1 – Dietrich. (G.A.)

 

 

 

 

 

à M. Damilaville.

 

18 Novembre 1767.

 

 

          Je présume, mon cher ami, qu’on vous a donné de fausses alarmes. Il n’est point du tout vraisemblable qu’un conseiller d’Etat, occupé d’une décision du roi qui le regarde, ait attendu un autre conseiller d’Etat à la porte du cabinet du roi, pour parler contre vous. On ne songe dans ce moment qu’à soi-même, et tout au plus aux affaires majeures, dont on ne dit qu’un mot en passant. Si mon amitié est un peu craintive, ma raison est courageuse. Je ne me figurerai jamais qu’un maréchal de France, qui vient d’être nommé pour commander les armées, attende un ministre au sortir du conseil pour lui dire qu’un major d’un régiment n’est pas dévot : cela est trop absurde. Mais aussi il est très possible qu’on vous ait desservi, et c’est ce qu’il faut parer.

 

          J’ai imaginé d’écrire à madame de Sauvigny (1), qui est venue plusieurs fois à Ferney. Je ferai parler aussi par M. son fils. Je saurai de quoi il est question, sans vous compromettre.

 

          On a imprimé en Hollande des lettres au P. Malebranche ; l’ouvrage est intitulé le Militaire philosophe (2) ; il est excellent : le P. Malebranche n’aurait jamais pu y répondre. Il fait une très grande impression dans tous les pays où l’on aime à raisonner.

 

          On m’assure de tous côtés que l’on doit assurer un état civil aux protestants, et légitimer leurs mariages ; il est étonnant que vous ne m’en disiez rien.

 

          Bonsoir, mon très cher ami ; je vous embrasse bien fort.

 

 

1 – Femme de l’intendant de Paris. (G.A.)

2 – Par Naigeon. (G.A.)

 

 

 

 

 

à Madame d’Épinay.

 

20 Novembre 1767.

 

 

          Ma belle philosophe a donc aussi chez elle un petit théâtre ; ma belle philosophe, qui sait bien qu’il vaut mieux jouer la comédie que de jouer au whist, se donne donc ce petit amusement avec ses amis. C’est assurément le plaisir le plus noble, le plus utile, le plus digne de la bonne compagnie qu’on puisse se donner à la campagne ; mais il est bien plaisant qu’on excommunie dans le faubourg Saint-Germain (1) ce que l’on respecte à Villers-Coterets (2). Il est vrai qu’on n’a jamais eu tant de raisons d’excommunier les comédiens ordinaires du roi. On prétend qu’ils sont en effet diaboliques ; le public les fuit comme des excommuniés. On dit que ce tripot est absolument désert, et que de toutes les troupes, après celle de la Sorbonne, c’est la plus vilipendée.

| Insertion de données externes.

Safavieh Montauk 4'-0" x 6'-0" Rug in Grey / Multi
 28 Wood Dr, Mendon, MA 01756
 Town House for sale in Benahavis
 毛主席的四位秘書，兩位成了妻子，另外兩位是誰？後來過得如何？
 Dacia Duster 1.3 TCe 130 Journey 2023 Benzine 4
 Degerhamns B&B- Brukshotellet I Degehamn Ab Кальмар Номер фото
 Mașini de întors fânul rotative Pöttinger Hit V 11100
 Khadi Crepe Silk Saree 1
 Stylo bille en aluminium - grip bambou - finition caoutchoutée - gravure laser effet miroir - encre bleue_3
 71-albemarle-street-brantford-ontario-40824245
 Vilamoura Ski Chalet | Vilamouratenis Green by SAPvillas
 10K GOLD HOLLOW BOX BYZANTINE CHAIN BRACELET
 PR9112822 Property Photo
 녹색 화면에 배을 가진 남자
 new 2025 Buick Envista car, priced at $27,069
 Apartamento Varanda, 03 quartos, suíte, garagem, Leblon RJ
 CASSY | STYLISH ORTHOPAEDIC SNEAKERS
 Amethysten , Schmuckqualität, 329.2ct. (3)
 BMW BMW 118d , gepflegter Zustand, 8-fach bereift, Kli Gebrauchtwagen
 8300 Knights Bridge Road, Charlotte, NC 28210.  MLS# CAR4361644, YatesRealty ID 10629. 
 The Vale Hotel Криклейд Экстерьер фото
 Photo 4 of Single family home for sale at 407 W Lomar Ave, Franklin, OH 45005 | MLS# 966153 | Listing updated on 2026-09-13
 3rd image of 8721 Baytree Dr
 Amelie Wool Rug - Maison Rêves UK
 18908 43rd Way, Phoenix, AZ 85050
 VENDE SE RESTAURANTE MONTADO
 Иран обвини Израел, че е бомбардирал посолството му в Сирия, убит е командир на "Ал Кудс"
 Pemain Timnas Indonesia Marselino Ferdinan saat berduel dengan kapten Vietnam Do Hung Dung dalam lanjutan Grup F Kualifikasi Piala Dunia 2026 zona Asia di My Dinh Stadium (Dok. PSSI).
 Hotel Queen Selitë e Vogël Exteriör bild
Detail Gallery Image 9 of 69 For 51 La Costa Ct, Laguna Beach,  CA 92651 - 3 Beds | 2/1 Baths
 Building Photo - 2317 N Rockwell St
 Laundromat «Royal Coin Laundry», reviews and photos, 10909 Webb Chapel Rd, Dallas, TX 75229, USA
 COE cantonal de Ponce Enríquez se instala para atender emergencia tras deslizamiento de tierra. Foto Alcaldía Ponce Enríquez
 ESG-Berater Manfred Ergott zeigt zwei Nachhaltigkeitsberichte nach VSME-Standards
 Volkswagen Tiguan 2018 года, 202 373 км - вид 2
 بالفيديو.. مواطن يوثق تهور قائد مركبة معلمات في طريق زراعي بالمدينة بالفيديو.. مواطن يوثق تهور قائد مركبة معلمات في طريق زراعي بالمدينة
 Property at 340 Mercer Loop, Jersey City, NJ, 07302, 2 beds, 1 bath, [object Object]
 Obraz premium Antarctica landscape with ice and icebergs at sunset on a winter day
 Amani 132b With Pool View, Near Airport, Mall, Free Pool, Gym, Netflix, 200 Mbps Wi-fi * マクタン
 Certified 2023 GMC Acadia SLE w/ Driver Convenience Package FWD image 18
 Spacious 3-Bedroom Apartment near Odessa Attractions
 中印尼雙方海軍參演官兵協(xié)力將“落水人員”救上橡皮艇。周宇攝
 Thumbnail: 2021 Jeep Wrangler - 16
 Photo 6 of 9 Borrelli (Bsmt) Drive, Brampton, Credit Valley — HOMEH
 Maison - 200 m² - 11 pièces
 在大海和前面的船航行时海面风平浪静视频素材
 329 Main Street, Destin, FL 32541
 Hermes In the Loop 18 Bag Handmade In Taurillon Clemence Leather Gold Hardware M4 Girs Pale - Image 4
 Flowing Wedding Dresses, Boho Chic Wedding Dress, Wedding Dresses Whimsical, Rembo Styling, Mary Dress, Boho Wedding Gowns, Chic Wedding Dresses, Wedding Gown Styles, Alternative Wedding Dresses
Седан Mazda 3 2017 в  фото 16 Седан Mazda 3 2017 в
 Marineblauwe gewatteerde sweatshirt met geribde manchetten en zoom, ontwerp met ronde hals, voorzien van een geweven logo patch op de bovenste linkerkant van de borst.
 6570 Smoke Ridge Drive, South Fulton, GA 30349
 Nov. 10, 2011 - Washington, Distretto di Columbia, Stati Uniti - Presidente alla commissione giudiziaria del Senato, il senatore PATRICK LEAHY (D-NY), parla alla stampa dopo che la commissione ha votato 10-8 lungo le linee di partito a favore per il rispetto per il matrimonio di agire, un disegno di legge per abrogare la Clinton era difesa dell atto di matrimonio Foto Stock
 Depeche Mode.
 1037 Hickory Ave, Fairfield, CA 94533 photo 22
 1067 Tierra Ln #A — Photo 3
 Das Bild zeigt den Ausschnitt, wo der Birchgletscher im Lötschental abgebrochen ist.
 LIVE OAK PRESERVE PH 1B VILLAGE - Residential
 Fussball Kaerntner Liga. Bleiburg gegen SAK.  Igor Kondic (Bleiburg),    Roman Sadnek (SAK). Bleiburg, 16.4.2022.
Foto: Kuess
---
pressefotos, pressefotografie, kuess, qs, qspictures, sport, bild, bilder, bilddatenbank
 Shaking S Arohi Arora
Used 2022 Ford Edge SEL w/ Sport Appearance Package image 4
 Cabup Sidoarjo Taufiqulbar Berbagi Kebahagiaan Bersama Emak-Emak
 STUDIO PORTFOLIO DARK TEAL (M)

Il y en a une à Genève qui le dispute à la Sorbonne ; c’est la horde des prédicants. Depuis que le grand Tronchin l’a quittée, et qu’elle est abandonnée des médecins, elle est à l’agonie. Les autres citoyens ne se portent guère mieux ; leur petite convulsion dure toujours. Il sera fort aisé de leur donner des lois, et impossible de leur donner la paix. Heureux qui se tient paisiblement dans son château ! Il me paraît que ma belle philosophe prend ce parti neuf mois de l’année ; ainsi je me tiens d’un quart plus philosophe qu’elle ; mais elle est faite pour Paris, et moi je ne suis plus fait que pour la retraite.

 

          Je suis bien respectueusement, véritablement, tendrement attaché à ma belle philosophe.